Marjorie Taylor Greene
GOP Rep. Marjorie Taylor Greene of Georgia points to a photograph of Fauci while questioning him during a hearing about the COVID-19 pandemic’s origins, on June 3. (Chip Somodevilla/Getty Images)

Fauci generally speaks highly of his bosses, from Reagan to Biden but he was often unsettled by the “frustrating realities of Washington, D.C.,” namely partisan politics getting in the way of public health initiatives.

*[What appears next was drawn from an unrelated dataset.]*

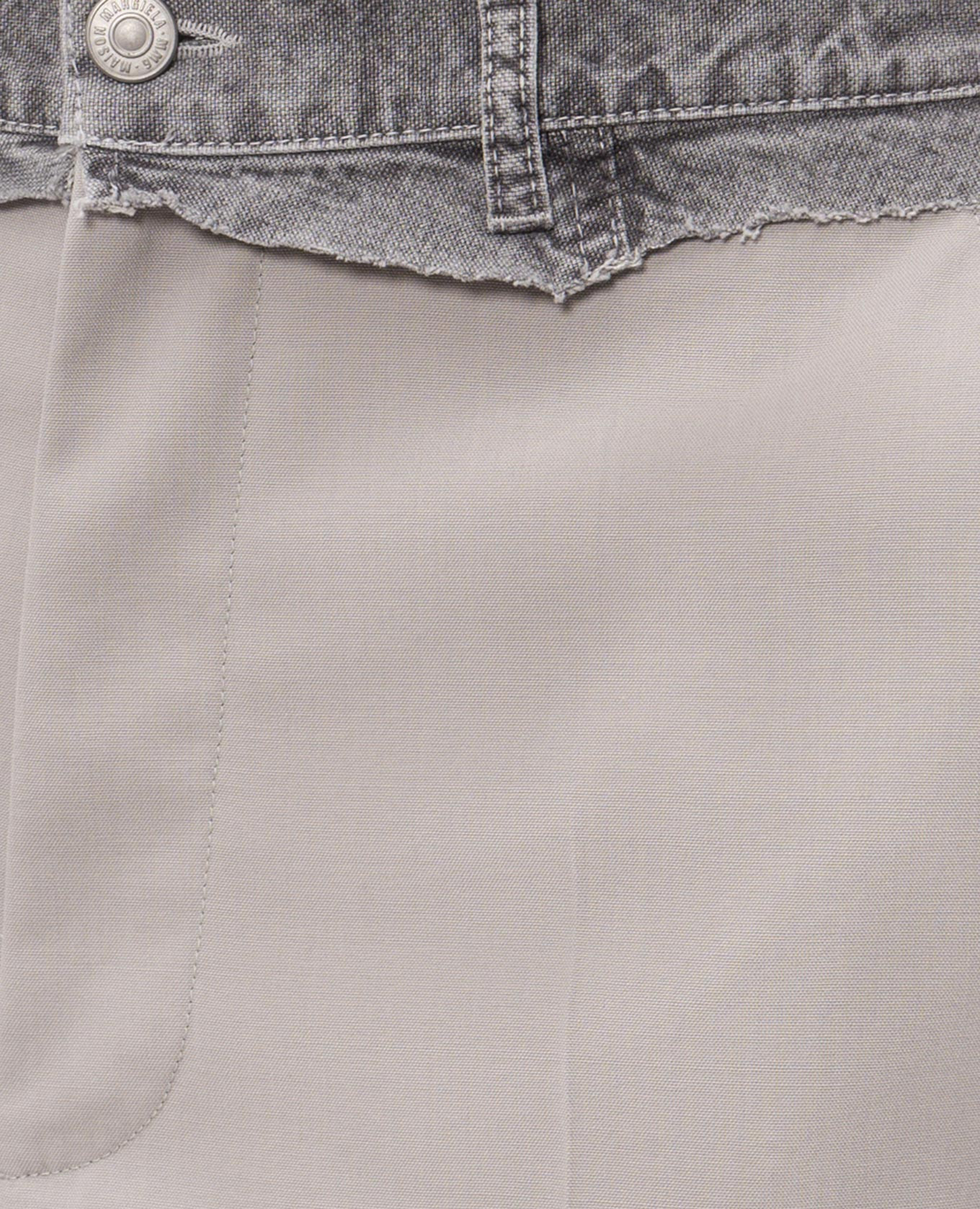 

Grey wool trousers with logo patch Maison Margiela MM6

Fauci writes that, under President George W. Bush, he wanted the administration to make a major push in the fight against tuberculosis and malaria, and made a pitch for Bush to include the effort in his final State of the Union address. (Malaria was mentioned but without a call for funding, Fauci recalls. Tuberculosis wasn’t discussed at all.)

During the Obama administration, Fauci pushed for a new initiative aimed at creating an “AIDS-free generation” and even pitched writing a New York Times op-ed about the possibility of ending the AIDS pandemic. But an official in the Obama White House noticed Fauci’s draft included a call for funding and demanded he pull back the submission for being “off message.”

Anthony Fauci
Alex Wong/Getty Images

As a result of his public clashes with Trump, Fauci received numerous death threats. In the book, he details one particularly unnerving episode in August 2021 when he opened a letter that contained white powder along with a chilling message.

“MANDATORY LOCKDOWNS,” it read in all capital letters. “REAP WHAT YOU SOW. ENJOY YOUR GIFT.”

Subsequent testing determined that the powder was harmless, but for several hours, Fauci worried that he had been exposed to a deadly toxin.

“I do not fear death,” Fauci writes. “But I was not ready to leave this earth yet. Not by a long shot.”